Is it reasonable for a YO / YM (obviously with their own horses) to have one rule for their own and another for their liveries? I'll give an example but the question could cover any area of horse care, field maintenance, etc.

My example is that I have a very small yard with my own horses and one DIY livery, I will possibly take one more next month. Each has 2 horses and I don't offer services though am happy to lend a hand in return for favours each way. So far it's very friendly and working well - I've only been there since March.

In winter I intend to have my older horse living out with a pony for company. He has arthritis, is an outdoor lover anyway, and I know from the last 2 winters (one living in, the other out) that he is happier, healthier and stays much less stiff if he is out 24/7. I wouldn't go so far as to say I bought the yard for him, but it was in my mind that finally I can keep him as I choose and that means living out, if it suits him better.

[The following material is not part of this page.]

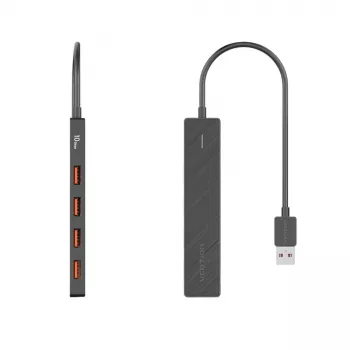 USB 3.2 Gen 2 5-in-1 Daudzportu Hubs Vention CHOBB — 5 porti (4× USB 3.2 Gen 2 Type-A, 1× USB 3.2 Gen 1 Type-A), 0,15 m, ABS, melns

The girl who wants to bring her horses has asked if they can live out and I will be saying no. Her reasons are valid - she works long hours and it would be easier for her to do field checks than full on mucking out etc. It's not a medical reason, and I think that will be my get-out. I don't have enough acreage to keep that many horses out all the time - I know the yard having been there previously as a livery, and the fields are pretty wet in winter. This is another good reason.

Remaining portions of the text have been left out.